If you have an assignment due in two weeks, do you work on it right then and there, or do you wait a week-and-a-half and rush to finish it the night before it's due?
If you're like many people (and the writer of this piece), you're going to wait until last-minute panic sets in before you buckle down and get your work done.
Procrastination is common, and often it is even expected, but that does not mean it is completely harmless. In some situations, it can have a significant effect on productivity. For Caltech's Charlie Sprenger, professor of economics, procrastination is a problem that can be solved with the tools of his trade, and he has started in a place where its effects can be acute: health care.
In a paper published in the Journal of the European Economic Association, Sprenger and colleagues from UC San Diego, the London School of Economics, Germany's FAU Erlangen-Nuremberg, and the University of Pittsburgh show how they used economics principles to tackle the problem of procrastination during polio vaccination drives in Pakistan.
During those drives, health care workers are tasked with going out into neighborhoods and administering vaccinations to a set number of children over a two-day period. The system used to track those vaccinations was not exactly robust: The workers carried with them a piece of chalk and tallied the number of doses they administered on the outside walls of homes.

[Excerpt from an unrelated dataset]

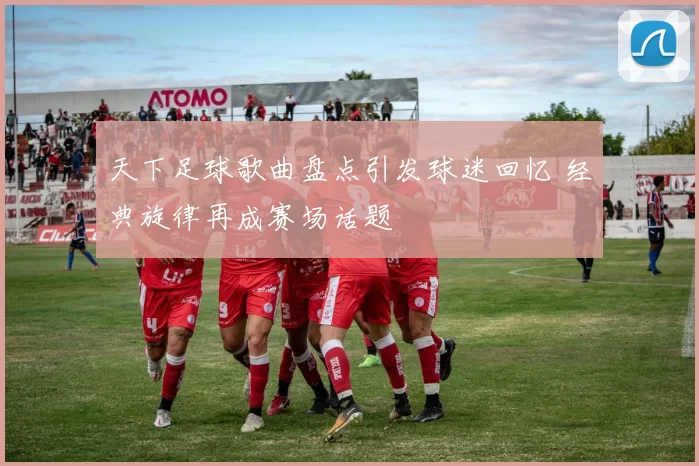 天下足球歌曲盘点引发球迷回忆 经典旋律再成赛场话题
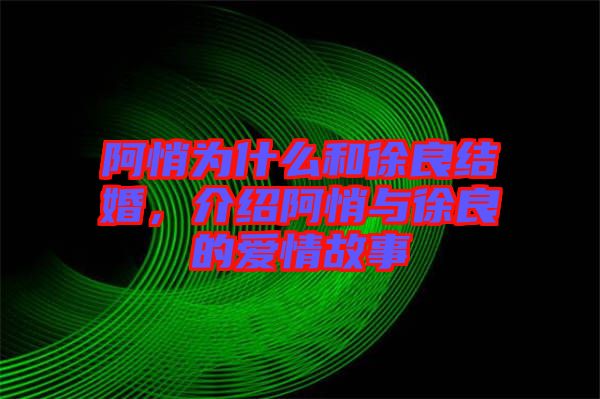 阿悄為什么和徐良結(jié)婚，介紹阿悄與徐良的愛情故事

Eventually, Pakistani health authorities decided it could do better with a mobile phone app, which is where Sprenger and his colleagues came in. The app provided the authorities with better data—data that showed the workers were procrastinating. If a worker was expected to administer 200 doses in two days, they might do 50 the first day, and then rush to finish the remaining 150 on the second day, for example.
"That's the standard force of procrastination that most of us are familiar with when we're under deadline," Sprenger says. "We postpone the unpleasant task of doing the work until close to the deadline and then have to rush and maybe don't provide the best work that we can, given our time constraints."
Because of the logistics of distributing vaccines and their need to be kept refrigerated, health authorities want them administered in a smooth (predictable and consistent) way. A last-minute rush is not ideal.
The researchers conducted interviews with the workers to get a better idea of how they wanted to perform their work—essentially how much work did they want to do on day one and on day two. Using those preferences, Sprenger and colleagues developed tailored incentives for some of the workers.
"You could think about various ways to implement this," Sprenger says. "You could say, ‘Look, I'll pay you 10 cents per vaccine on day one and 5 cents per vaccine on day two. Doesn't that make you want to do your work earlier?' Or you could think about it differently, saying vaccines that you do on day one count for two times as much as vaccines that you do on day two."
By tailoring these kinds of incentives to individual workers based on their stated preferences, the research team showed that it was possible to reduce procrastination substantially. (They generate "behavior around 30 percent closer to the policy target of equal allocation," to be specific.)
That is a lesson that Sprenger says could be applied in many policy areas.
"It didn't need to be Pakistan, it didn't need to be government health workers. It could have been anything," he says. "This fits into a bigger agenda of using the tools of experimental economics to measure preferences and change incentive schemes based on those measurements in an individualized way."
As far as the app goes, Sprenger says the Pakistani government turned off the preference/incentives feature after the team completed its study, but the rest of the app is still in use, allowing Pakistan to monitor its vaccination efforts.
The paper describing the research is titled "Using Preference Estimates to Customize Incentives: An Application to Polio Vaccination Drives in Pakistan." Sprenger's co-authors are James Andreoni of UC San Diego, Michael Callen of the London School of Economics, Karrar Hussain of FAU Erlangen-Nuremberg, and Muhammad Yasir Khan of the University of Pittsburgh.
Funding for the research was provided by the International Growth Centre the Pershing Square Fund for Research on the Foundations of Human Behavior, and the Department for International Development Building Capacity for Research Evidence pilot program initiative.